Clos Network Architectures
Charles Clos published in 1953 in the Bell Labs Tech Journal a paper that is the basis of today’s data center network architectures and is shown below. They are also known as a fat-tree architectures or Ethernet fabric.
Clos Architecture
Folding the Clos architecture results in the leaf-spine connectivity that is popular today in data centers. Every leaf is connected to every spine node. The spines connect the leaves to one another, and the leaves connect the servers to the network. It is common practice to put the servers and the leaf switch in a single hardware rack, with the switch at the top of the rack (ToR).
Although not mandated by the Clos topology, the use of homogeneous equipment is a key benefit of this architecture. The spines serve a single purpose: to connect the different leaves. The spines do not provide any other service, in contrast to the aggregation switches in legacy data center architectures, although they structurally occupy the same position. In a Clos topology, all functionality is pushed to the edges of the network, the leaves and the servers themselves, rather than being provided by the center, represented by the spines. The spines are then used only to scale the available bandwidth between the edges and the control-plane load on a spine increases only marginally as more leaves are added to it. In contrast, in the previous architecture, the scaling of services was provided by beefing up the aggregation box’s CPUs.
In Clos, the Spanning Tree Protocol (STP) is not used as the switch interconnect control protocol - instead we use Equal-Cost Multipath (ECMP) routing to forwarded a packet along any of the available equal-cost paths. The key characteristic in Clos is that the aggregate bandwidth does not decrease from one tier to the next as we approach the core. Whether this is achieved by a larger number of low bandwidth links or a lower number of high bandwidth links does not fundamentally alter the fat tree premise.
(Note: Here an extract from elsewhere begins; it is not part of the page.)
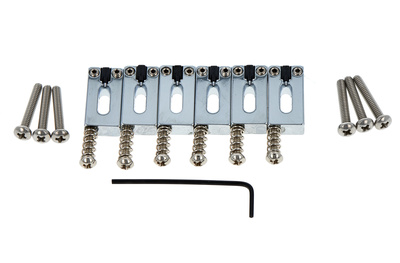 PG-8001-0C Stringsaver SC Saitenreiter f. ST+T Modelle AMStd, Plus u. Ultra, komplettes Set (6 Stück), neues Material bringt mehr Sustain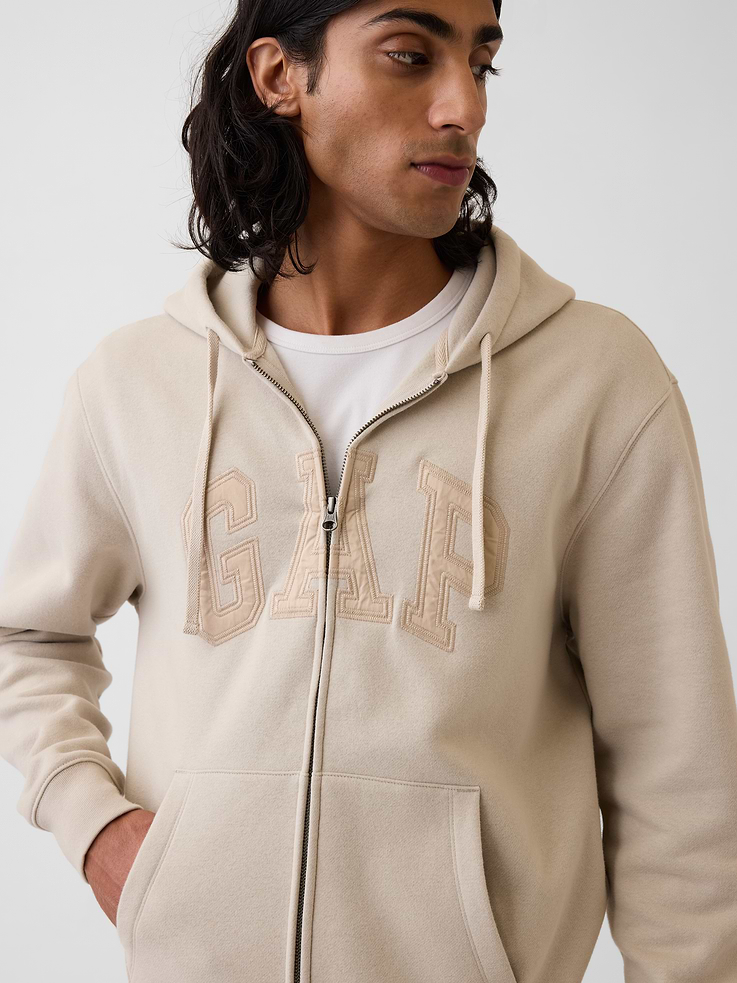 Image number 4 showing, Adult VintageSoft Arch Logo Zip Hoodie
In a fat tree topology, the number of links entering one switch in a given tier of the topology is equal to the number of links leaving that switch toward the next tier. This implies that as we approach the core, the number of links entering the switches is much greater than those toward the leaves of the tree. The root of the tree will have more links than any switch lower than it.
As we approach the core of the data center network, these interconnecting links are increasingly built from 100Gb links and it is costly to simply try to overprovision the network with extra links. Thus, part of the Ethernet fabric solution is to combine it with ECMP technology so that all of the potential bandwidth connecting one tier to another is available to the fabric.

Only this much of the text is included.